The fact is central bankers, for all their nearly magical powers, can’t keep the global economy moving forward alone. It’s clear that elected governments now need to act by spending some of the money central banks created, either with investment projects or with tax cuts.

This isn’t a controversial claim. John Maynard Keynes warned 80 years ago that when interest rates got near zero, they would become ineffective—”pushing on a string,” as Keynes artfully put it—and government spending would be required. And Milton Friedman in 1969 argued an economy mired in a deep depression and deflation could always print money and give it away.

Just as borrowing is time-shifted consumption so is investment. Borrowing draws future consumption into the present while investment postpones present consumption to the future.
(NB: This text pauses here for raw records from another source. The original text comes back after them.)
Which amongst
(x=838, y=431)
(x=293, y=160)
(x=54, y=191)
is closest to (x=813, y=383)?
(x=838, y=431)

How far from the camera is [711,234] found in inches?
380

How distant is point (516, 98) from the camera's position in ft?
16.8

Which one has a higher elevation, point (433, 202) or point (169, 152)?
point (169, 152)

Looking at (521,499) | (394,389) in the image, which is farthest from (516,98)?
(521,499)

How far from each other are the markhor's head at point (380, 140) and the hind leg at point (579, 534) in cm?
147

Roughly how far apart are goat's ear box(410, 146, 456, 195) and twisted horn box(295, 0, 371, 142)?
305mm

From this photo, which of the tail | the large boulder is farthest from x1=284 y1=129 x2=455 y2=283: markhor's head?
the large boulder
Unfortunately, “investment” is a word that has become sadly debased over the last couple of decades. Building Boulder Dam was an investment. Buying a financial instrument in the assumption that its value can only grow is speculation. Is buying a hamburger an investment?

2 comments… add one
  • Guarneri Link

    “Unfortunately, “investment” is a word that has become sadly debased over the last couple of decades. Building Boulder Dam was an investment. Buying a financial instrument in the assumption that its value can only grow is speculation. Is buying a hamburger an investment?”

    Not really sure where you were headed with this. A financial instrument called a stock certificate or a loan and security subscription agreement used to finance the building of a widget machine is an investment. The day trader who buys shares of that stock six weeks after issuance and then sells three days after purchase has engaged in raw speculation.
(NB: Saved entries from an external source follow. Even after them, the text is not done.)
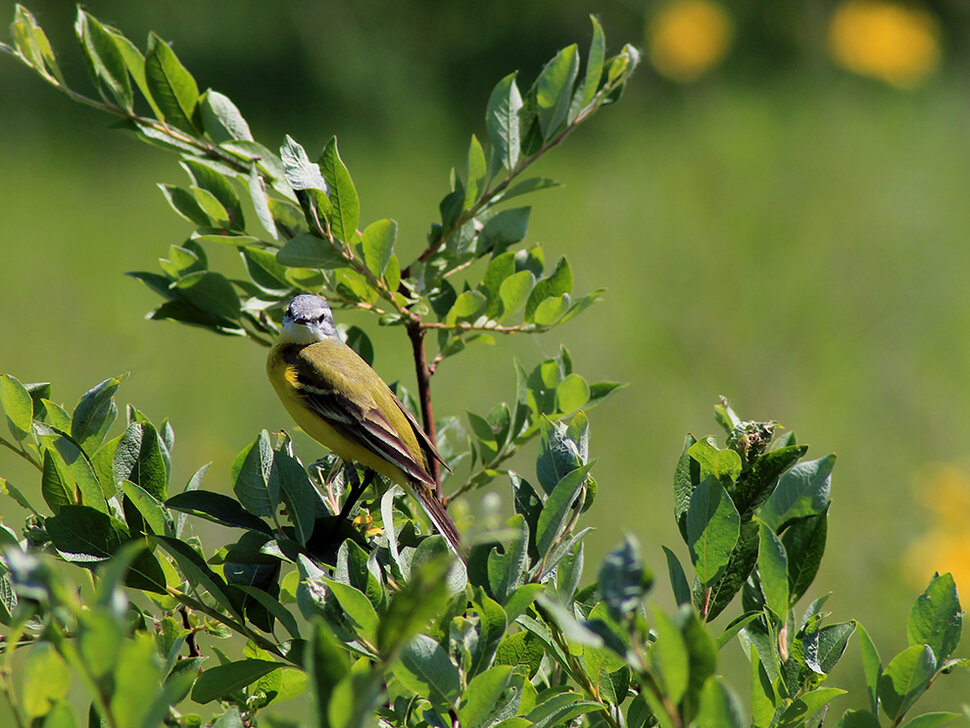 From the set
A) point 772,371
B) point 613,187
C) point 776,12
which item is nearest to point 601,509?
point 772,371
    A stripper who purchased three condos in Miami in one year and intends to get a home equity loan on one and flip the other two,in 18 months is a raw speculator. Mr and Mrs John Q who exit their city high rise apartment and buy a 3 bedroom house in Lombard after learning the mrs is expecting twins are investors. And a Chinese businessman who buys a luxury 10,000 ft home in San. Fran is a money launderer.

    A financial instrument in a zero sum market, called a futures contract, is a hedging mechanism that is pure speculation but still provides value in that it provides insurance and liquidity to assist in the functioning of markets.
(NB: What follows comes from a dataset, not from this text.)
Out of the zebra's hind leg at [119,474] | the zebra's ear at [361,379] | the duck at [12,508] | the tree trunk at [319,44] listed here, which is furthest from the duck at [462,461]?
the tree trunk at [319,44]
    As for burgers, let’s default to a GAAP accounting concept and say it only provides consumption value for a matter of hours and therefore by convention is consumption, not an investment. Except for In-n-Out burgers, I hear.

  • Not really sure where you were headed with this.

    Mainly, that not all spending is investment. Some is. Some is just plain old consumption. And some is just pissing money down the drain.